While the government touted this as a win, average prices has increased. While the government’s official statistics do not show this shift, the financial pressures on the average citizen have increased.

Price changes on the daily

A middle-aged person spoke to TMJ on the issue. He said that he purchases food items as required, and mostly on a daily basis. As such, he said that when he went shopping last Monday, prices had shifted from just a day back.

“When I went to shop [on Monday], price of a Coast milk can had increased by MVR 20 (US$ 1.30). Eggs and vegetables are pricier now,” he said.

The most notable price hikes came within the past two days. Government owned Maldives Industrial Fisheries Company Ltd (MIFCO) and Hajj Corporation have jacked up their prices. Both corporations are fully owned by the state and ripple effects from these are spilling over to other businesses.

Price increases in basic items is not a good sign for the economy.

More Rufiyaa devaluation expected

Unchecked expenses and zero efforts to increase sources of income are hallmarks of this administration. The government recently announced salary increases for teachers and principals. This adds in an extra MVR 500 million (US$ 32.4 million), annually. This, the government revealed, is to be financed by cash printing – adding to the millions already in circulation, further devaluing the currency more.

Dollar prices hinge on the amount of Maldivian Rufiyaa in the market. An increase in Rufiyaa circulation, would devalue the currency. Dollar purchases become more expensive. An equilibrium is achieved when dollars entering the market in maintained.

Maldives Monetary Authority (MMA) does play a role in this. To meet domestic demand and to stabilize Rufiyaa. However, at a time, when the country as a whole is finding it difficult to get US dollars in, there is a very high chance that continuing to print money and flooding the market would result in exhausting the usable and total reserves. This was the situation that faced Sri Lanka.
At this point, there are two options – limit printing or formally increase dollar exchange rates. This was the option Nasheed went with in the latter stages of his administration.

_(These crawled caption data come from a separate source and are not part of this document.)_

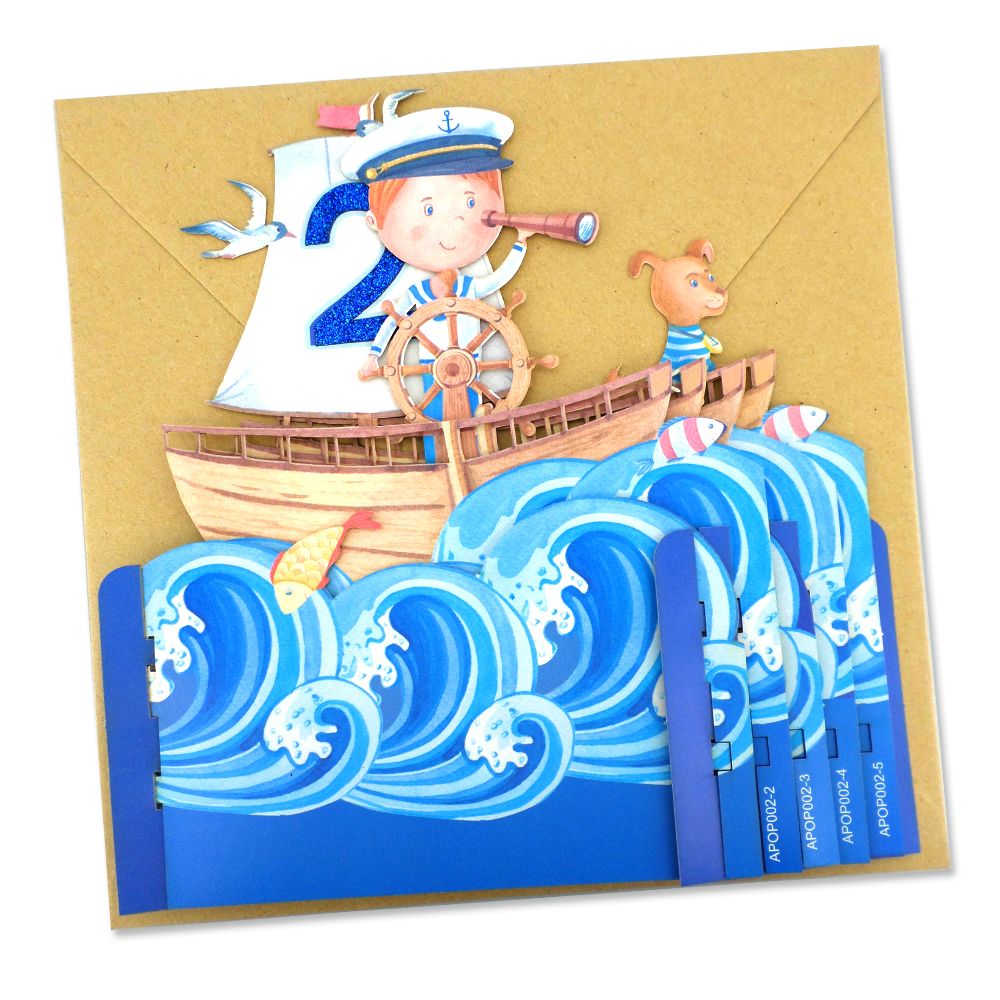 Boys 2nd Birthday Sailor Boy 3D Pop Up Birthday Greeting Card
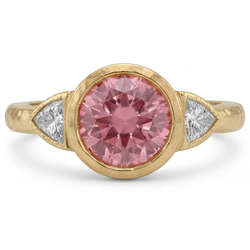 Round Padparadscha Bezel Three Stone Ring Natural 14K Yellow Gold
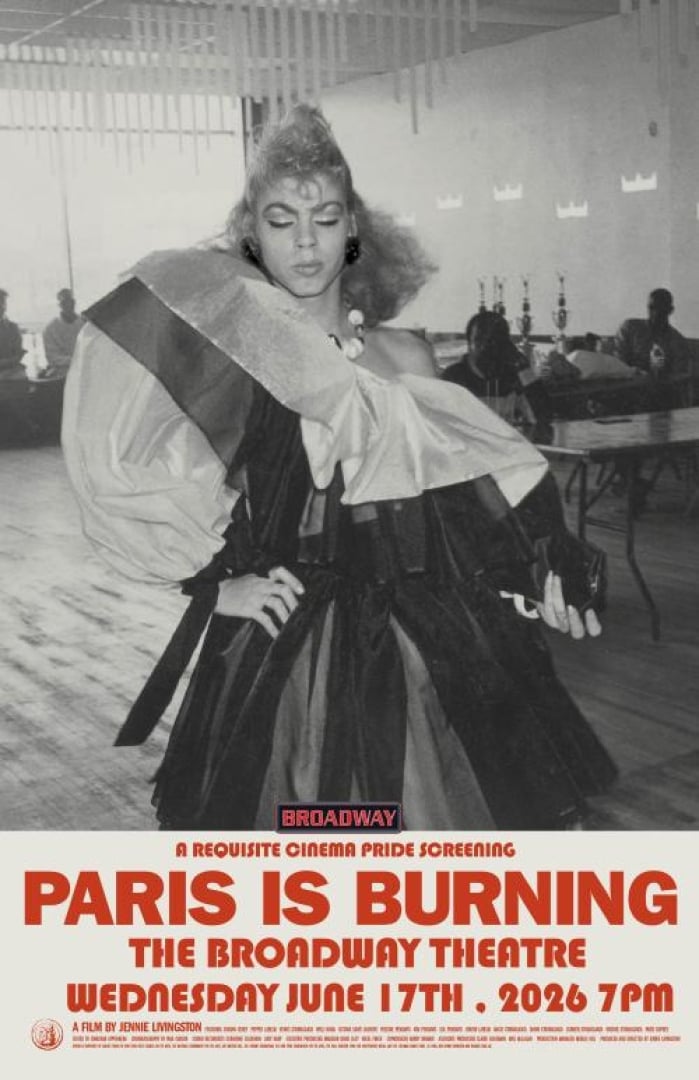 Image of someone wearing a couture dress and posing in what seems to be a ballroom. Image is in black, white and grey.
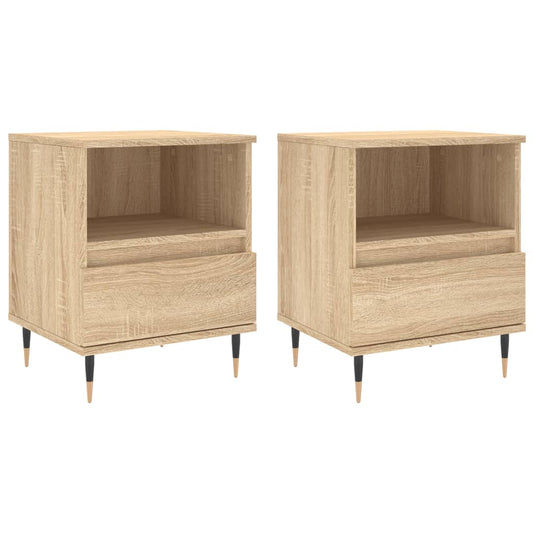 Mesitas Noche 2 Uds Madera Ingeniería Roble Sonoma 40x35x50 Cm_0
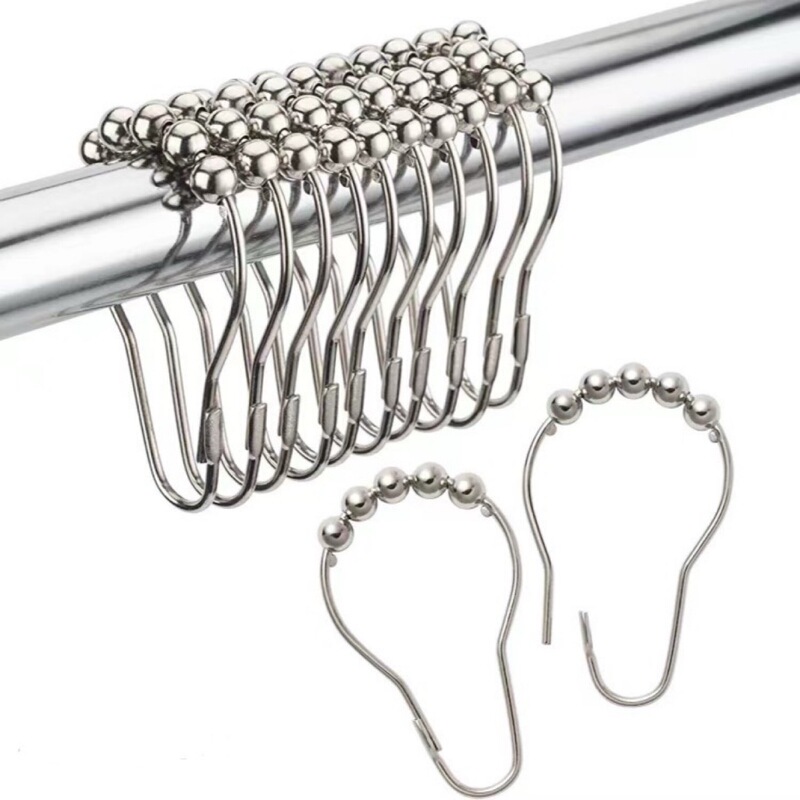 Source manufacturers nickel plated bulk iron five beads gourd buckle shower curtain hook curtain hook shower curtain ring bathroom supplies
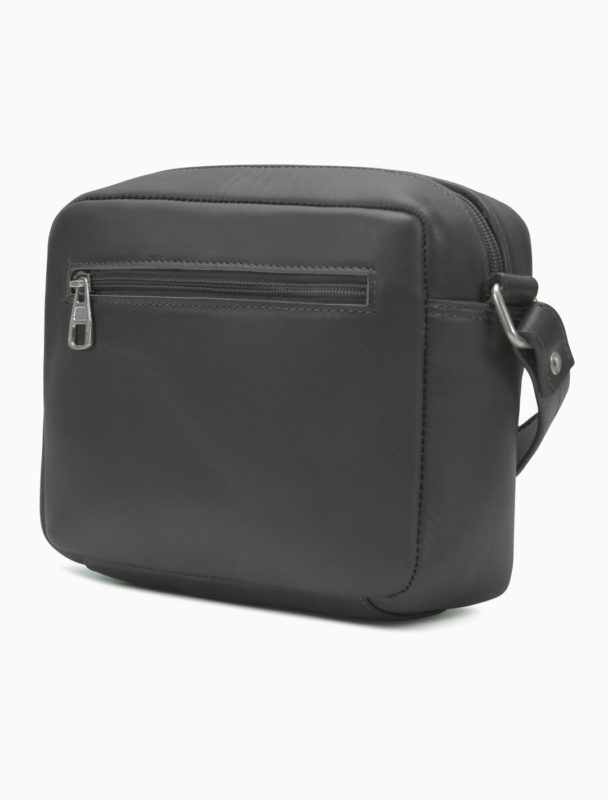 Minimalist Matte Black Camera Bag | Modern Boxy Leather Crossbody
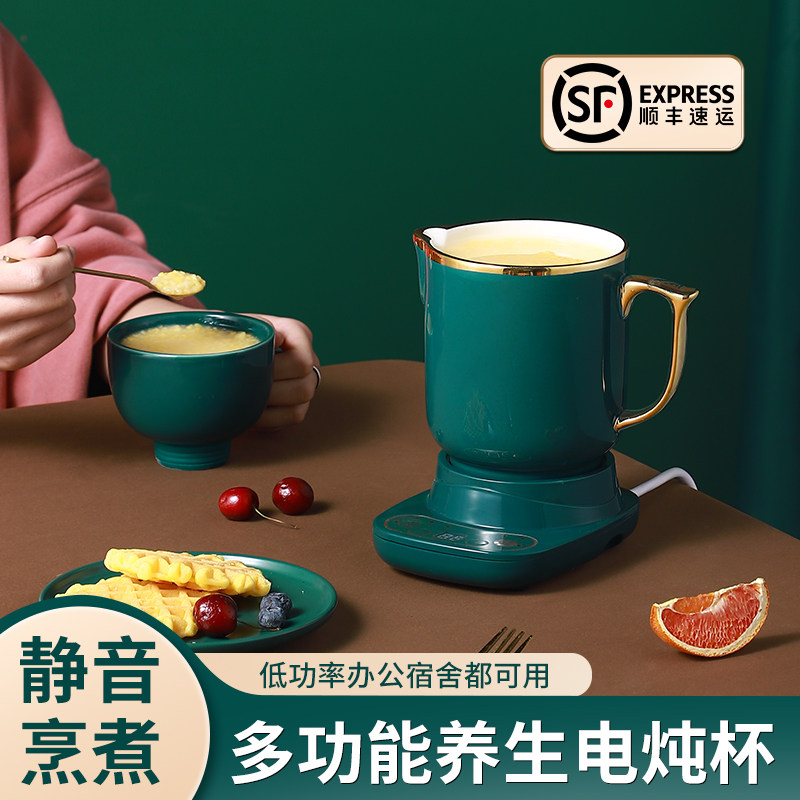 Multifunctional electric hot cup Mini electric saucepan office heating boiling water cup ceramic cooking flowers tea wellness cup pot 1 person 2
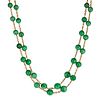 A TWO ROW JADE BEAD NECKLACE, the two rows of graduated jade beads, between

We’re still experiencing the effects of this. Another move like this would also have the same results.

What’s the solution?

Maldives does not exist in a vacuum. Global market changes, increasing prices, and other similar factors will impact Maldives as well. A coherent economic strategy seeks to minimize the impact of these external factors on the local economy and increase economic resilience.

Speaking to TMJ, an economist said that at the least, the government needs to significantly curb non-essential expenses. Limiting travel to essential trips, putting a cap on creating political appointments, and reducing salaries of political appointees were on top of his list.

“Halt all non-essential projects. Government needs strict austerity measures,” he said.

The economist also highlighted on how borrowing to cover recurrent expenses had further derailed the economy. He said the Government had used proceeds form Sukuk sales to foreign parties to cover recurrent costs in the past few months.

Handling the economy requires a delicate balancing act, with a long-term vision in focus. Economic resiliency, capacity, money supply, productivity should not be compromised for short-term political gain. If the government is hell bent on rejecting all the warning signs, given by local and international partners, the burden of that would have to be taken by citizens.